Head Technician Carl McCormack says, "These things get hot, and then they get cold, then they get hot, then they get cold."

All while temperatures around the Black Hills have stayed cold, very cold at times. That cold routinely causes issues with vehicles, and it's important for your wallet to be sure of several things, some before you even take off.

McCormack says, "If the oil's not lubricating, you cause engine problems down the road because it needs that oil, and on start up is the worst time because oil turns to thick syrup. It doesn't lubricate anymore.

McCormack says to at least let your vehicle warm up for a few minutes to let the fluids warm and begin cycling through. Tires are crucial as well, both tread thickness and air pressure.

McCormack says, "Check your air pressures, visually look at them. It helps to just look at them sometimes. People just want to hurry up and get in the car because it's cold."

In the cold, pressure decreases in your vehicle's tires, and although that will help with overall grip, it is outweighed by the risks of driving with under-inflated tires that could go flat or blow out while driving. Tread thickness is not a huge concern in the cold alone, but a few hundredths of an inch can make a big difference on snow and ice.

McCormack says, "Tire thicknesses for good tread, 10/32" but when you get down to about 4/32" or 5/32" traction is gone. Snow packs in there, and it becomes a slick.

Keeping your windows clear of snow and ice is obvious, but pay attention to where all of that goes.

McCormack says, "This is another issue, right here where people don't clean the snow off from underneath their windshield wipers, and it will break it. It packs them down, and you just easily take the snow out of there and it will help save your windshield wipers.

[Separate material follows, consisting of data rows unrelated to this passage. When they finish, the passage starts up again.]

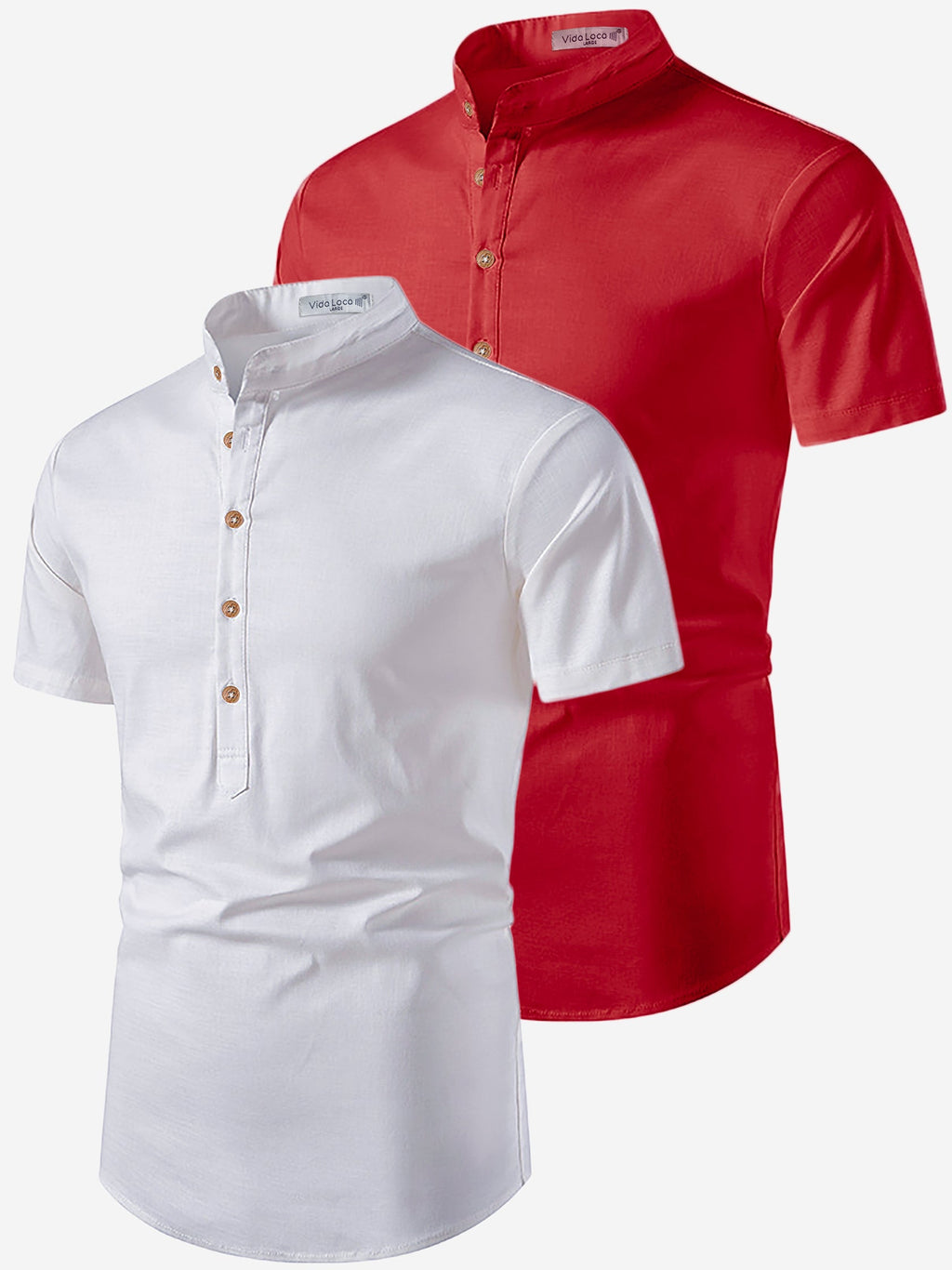 BLUE ROBED men's Casual Slim Fit Half Sleeve Cotton Kurta (Pack 2) Daily Wear in White view 12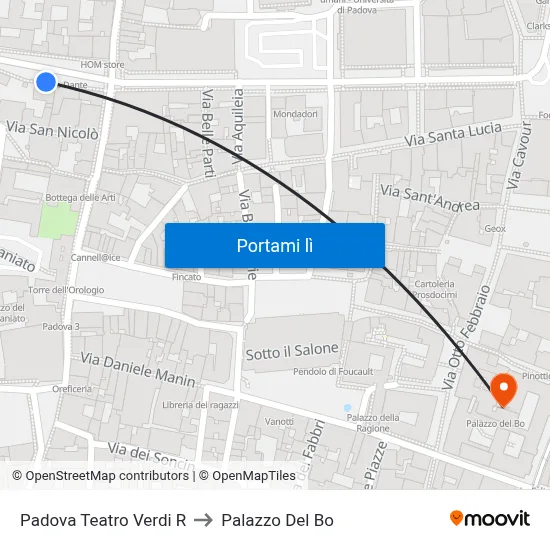 Padova Teatro Verdi R to Palazzo Del Bo map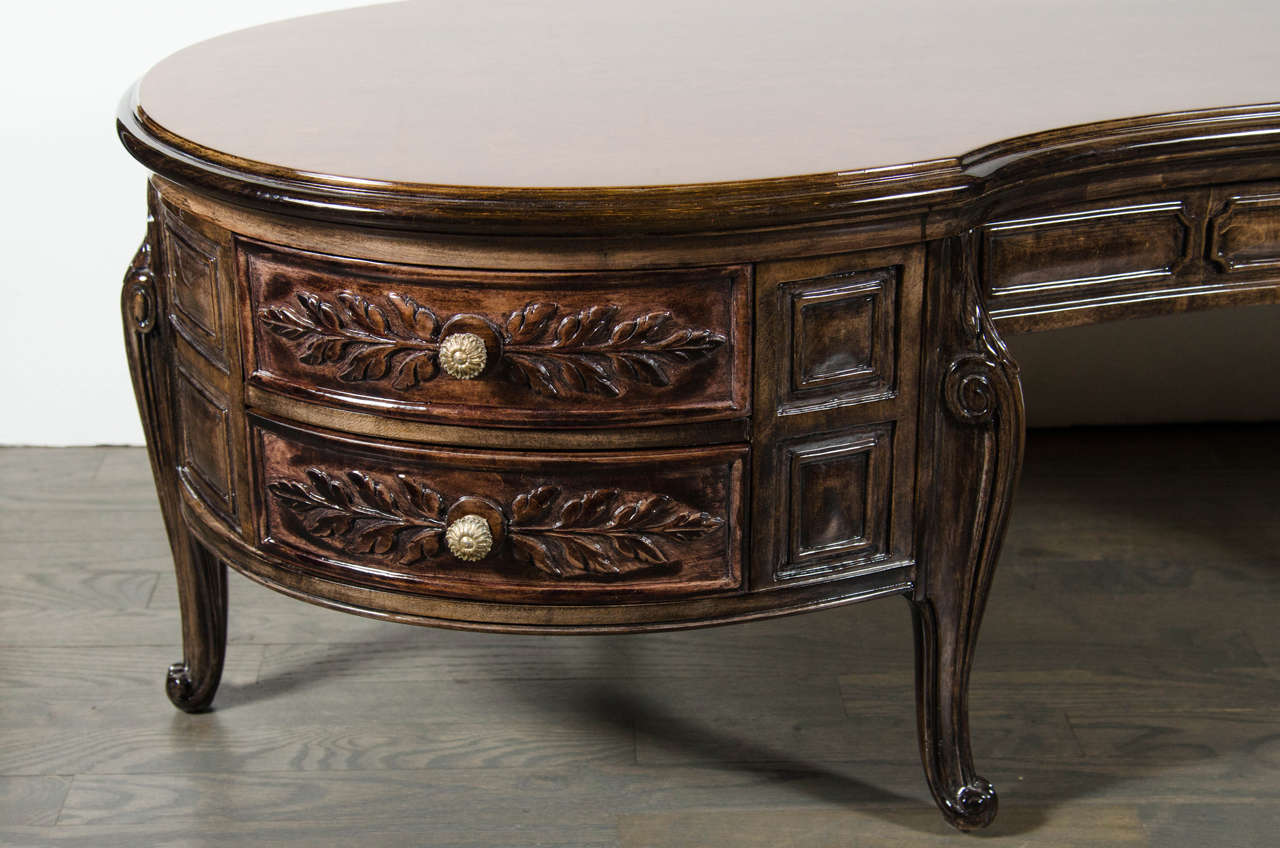 Hollywood Regency Elegant 1940s Hollywood Kidney Shaped Cocktail Table with Hand-Carved Detailing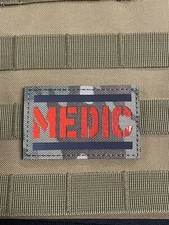 IR Medic Army 68W Doc EMT Military Combat Tactical patch Red Multicam Reflective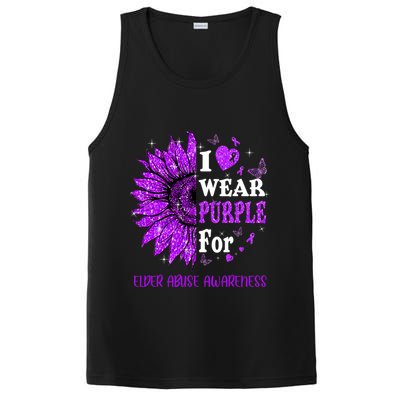 Twinkle Heart Sunflower Elder Abuse Awareness PosiCharge Competitor Tank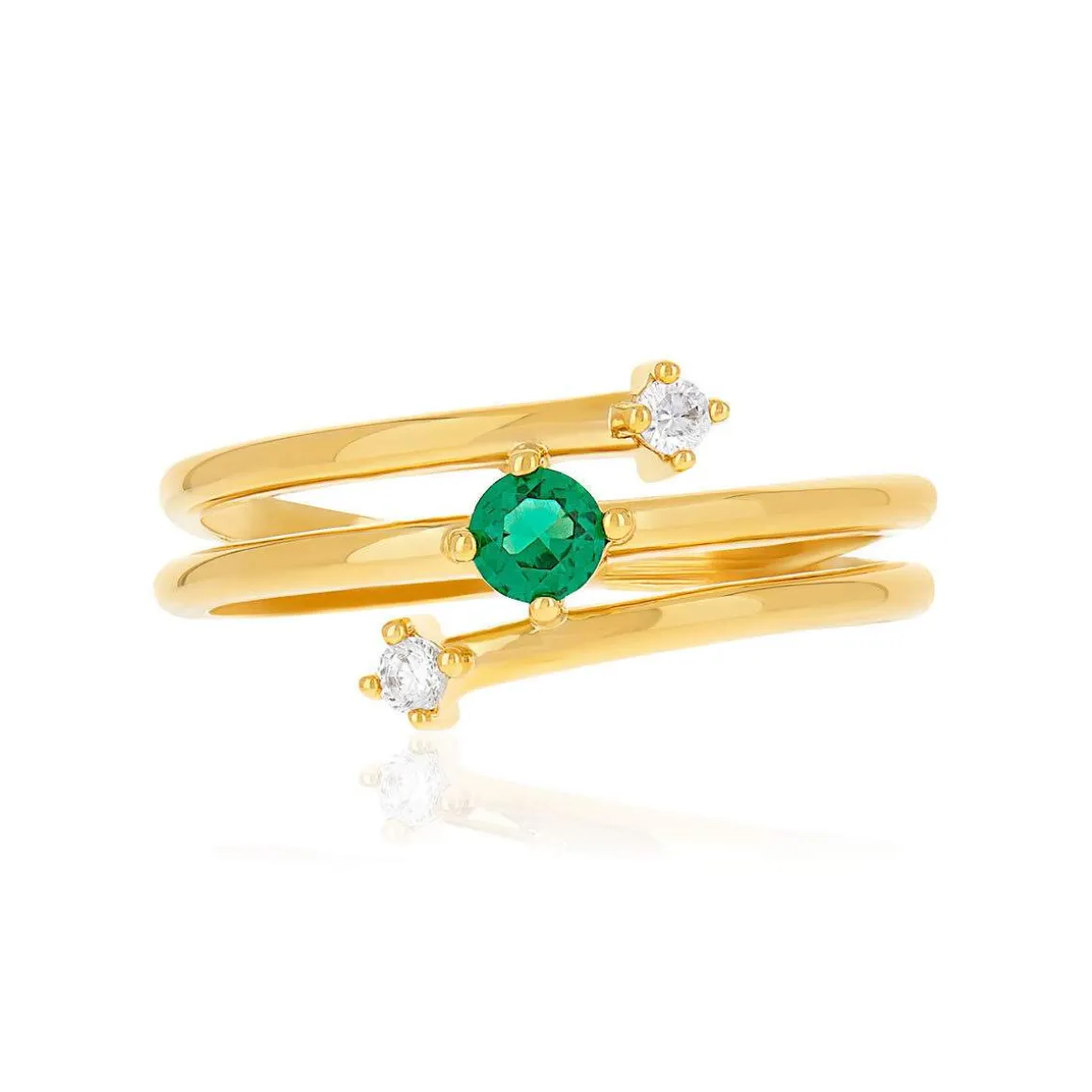 Bague plaqué or pierre synthétique verte et zirconias.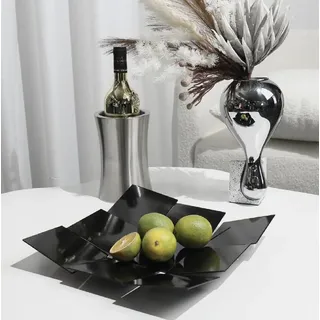 JUNYFFF Rostfreier Stahl Obstkorb, Obstschale Aufbewahrung Schüssel Dekoschale Für Zuhause Und Büro, 34Cmx34cm,Schwarz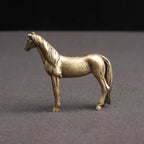 Estátua de cavalo de bronze antigo, decorações de mesa, cobre sólido, microescultura, estatuetas de cavalo do zodíaco, ornamentos, acessórios de decoração para casa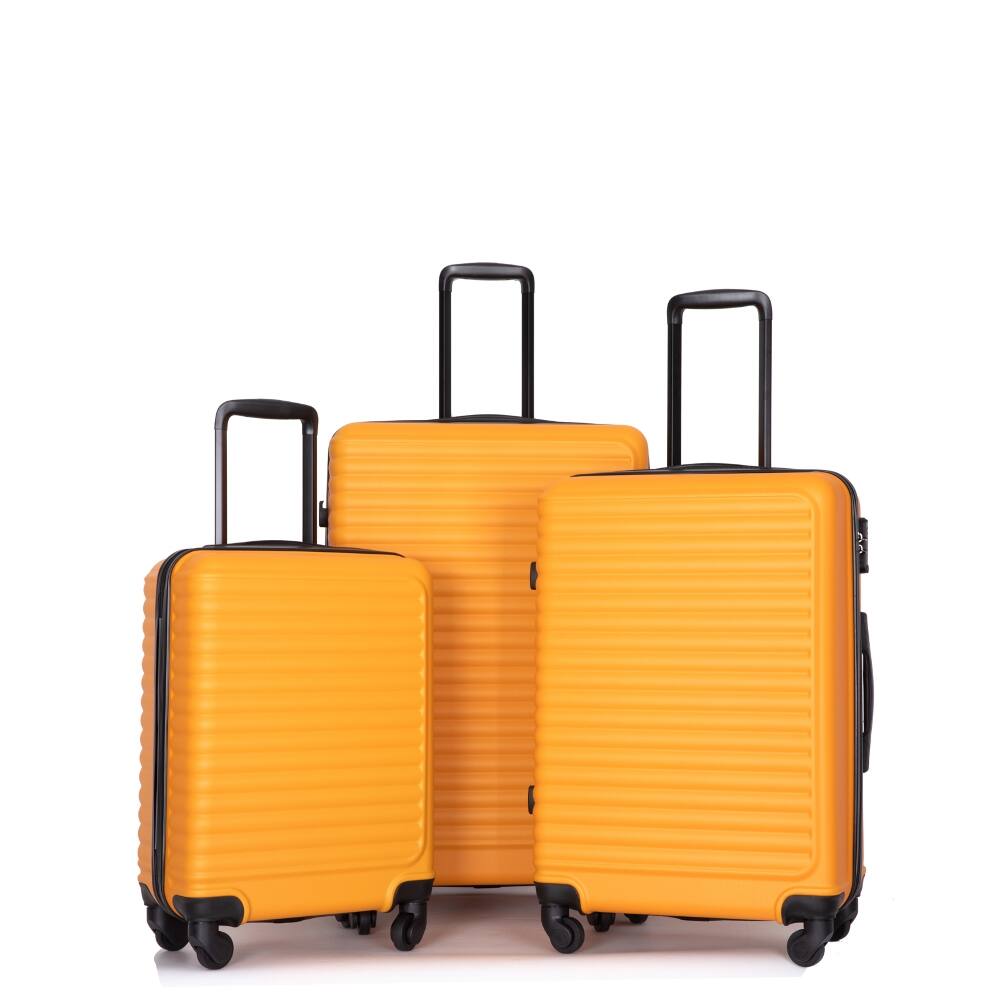 Front. Ropilly - Ropilly 3 Piece Luggage Set Orange Hard Case Luggage with TSA Lock 20 24 28 Inch - Orange.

Using your windshield wipers to clear snow and ice also causes uneven wear on the wiper blades, and it's best to clear the windows with a brush or ice scraper. The battery faces extra work in the cold too, as it requires more power to crank the engine.

McCormack says, "Normally it would be fine, but when you're getting into sub-zero temperatures, it can't hold that charge to turn this engine because it's hard to turn because it's cold."

Your vehicle's battery should measure to 12.4 volts or higher to be confident it will be able to start your engine on a very cold day.